### [Task to carry out]
Include in the output the line containing "women printed collared" and each subsequent line of the records, through the end, transcribed exactly. Add nothing else.

### [The input]
= = = = = = =
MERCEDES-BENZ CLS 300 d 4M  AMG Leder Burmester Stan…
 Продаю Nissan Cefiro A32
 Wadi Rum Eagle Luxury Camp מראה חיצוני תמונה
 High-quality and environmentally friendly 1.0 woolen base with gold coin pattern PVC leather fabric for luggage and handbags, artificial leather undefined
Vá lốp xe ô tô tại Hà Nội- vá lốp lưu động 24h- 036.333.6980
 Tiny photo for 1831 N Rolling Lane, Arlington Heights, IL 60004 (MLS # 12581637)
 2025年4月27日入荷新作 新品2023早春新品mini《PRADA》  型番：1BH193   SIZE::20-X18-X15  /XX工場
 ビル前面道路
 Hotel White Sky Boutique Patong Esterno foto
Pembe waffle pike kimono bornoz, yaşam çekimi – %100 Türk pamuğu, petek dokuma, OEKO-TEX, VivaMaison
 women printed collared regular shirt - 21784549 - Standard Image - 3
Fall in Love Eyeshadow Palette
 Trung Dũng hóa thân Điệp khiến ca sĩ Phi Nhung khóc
= = = = = = =
### [Finished exercise]
 women printed collared regular shirt - 21784549 - Standard Image - 3
Fall in Love Eyeshadow Palette
 Trung Dũng hóa thân Điệp khiến ca sĩ Phi Nhung khóc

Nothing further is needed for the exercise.